Oracle today announced the general availability of HeatWave GenAI, a managed database-as-a-service (DBaaS) platform that includes embedded large language models (LLMs).
The approach enables organizations to deploy LLMs at the point where their data already resides using standard CPUs rather than requiring graphical processor units (GPUs), says Nipun Agarwal, senior vice president for MySQL Database and HeatWave development at Oracle.
The HeatWave platform already includes HeatWave Lakehouse, HeatWave Autopilot, HeatWave AutoML, and HeatWave MySQL alongside a vector store that can be used to expose unstructured data to an LLM.
The in-database LLM enables IT teams to search data, generate or summarize content, and perform retrieval-augmented generation (RAG). In addition, they can combine generative AI with other built-in HeatWave capabilities such as AutoML to build applications that either invoke an LLM in a database or a foundational model running on a Generative AI service hosted on the Oracle Cloud Infrastructure (OCI) service. Oracle HeatWave is also available on Amazon Web Services (AWS) and Microsoft Azure or can be deployed in an on-premises IT environment.

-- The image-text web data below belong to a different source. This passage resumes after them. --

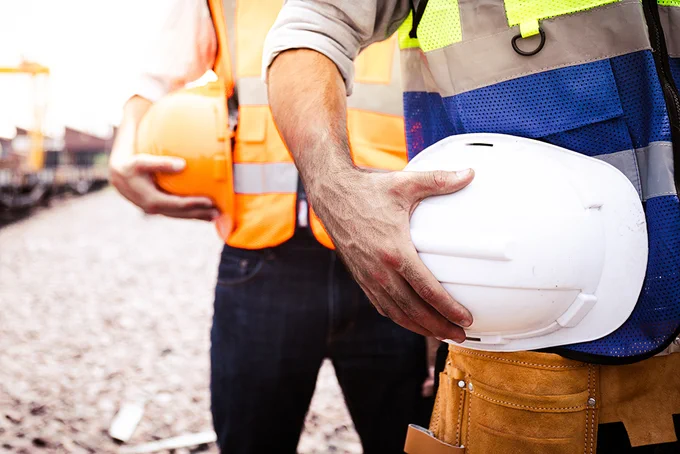Close-up of two construction workers holding safety helmets, wearing reflective vests and standing on a gravel site.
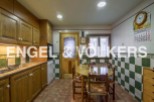Charming kitchen with wooden cabinets and checkered tile backsplash.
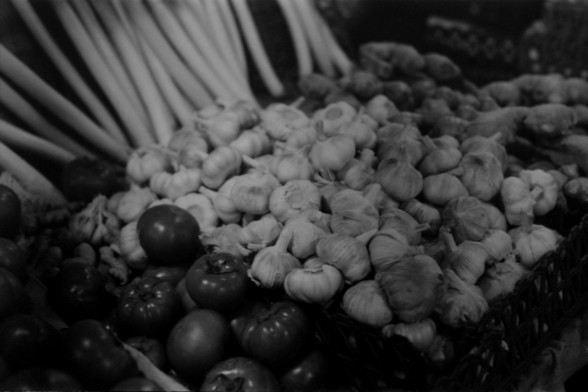 Lucky SHD 400

**English:**
This black and white photograph captures a market scene featuring a variety of fresh produce. In the foreground, there are bunches of garlic with their papery white skins prominently displayed. To the left, there are elongated white radishes, and in the bottom left corner, there are several dark-colored tomatoes. The image highlights the textures and shapes of these vegetables, emphasizing the natural beauty and variety found in a typical market setting.

**Chinese:*…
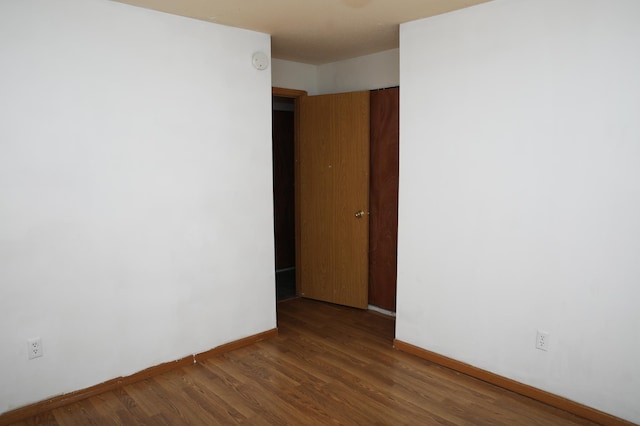 empty room with dark hardwood / wood-style flooring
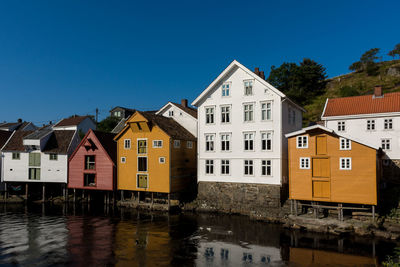 Buildings by river against sky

Regardless of platform, IT teams will no longer need to export data to another platform to customize LLMs, notes Agarwal. Instead, the LLM is now essentially a feature of the database platform, he adds. “We’re democratizing LLMs,” says Agarwal.
All the steps needed to create a vector store and embeddings are automated and executed inside the database, including discovering the documents in object storage, parsing them, generating embeddings and inserting them into the vector store.
Additionally, organizations can perform semantic queries using standard SQL. In-memory hybrid columnar representation and the scale-out architecture of HeatWave enable vector processing to execute at near-memory bandwidth and parallelize across up to 512 HeatWave nodes. IT teams can also combine semantic search with other SQL operators to, for example, join several tables with different documents and perform similarity searches across all documents.
There is also a HeatWave Chat tool, plug-in for MySQL Shell built using VSCode to create a graphical interface for HeatWave GenAI that can be used to launch either natural language or SQL queries. An integrated Lakehouse Navigator enables users to select files from object storage and create a vector store. Users can search across the entire database or restrict the search to a folder. HeatWave maintains context with the history of questions asked, citations of the source documents, and all the prompts used to better verify the source of answers generated by the LLM.
Oracle claims creating a vector store for documents in PDF, PPT, WORD and HTML formats is up to 23X faster with HeatWave GenAI and 1/4th the cost of using Knowledge base for Amazon Bedrock. HeatWave GenAI is also 30 times faster than Snowflake and costs 25% less, 15X faster than Databricks and costs 85% less, and 18X faster than Google BigQuery and costs 60% less when using a variety of similar search queries on tables ranging from 1.6GB to 300GB in size, claims Oracle.
In addition, Oracle is claiming HeatWave Gen AI is 10 to 80 times faster than Amazon Aurora PostgreSQL with pgvector while generating more accurate outputs.
Each organization will need to determine what size LLMs makes the most sense to deploy in a database, but as generative AI continues to evolve, it’s apparent that the need to depend on an external service to add those capabilities to an application is going to considerably less.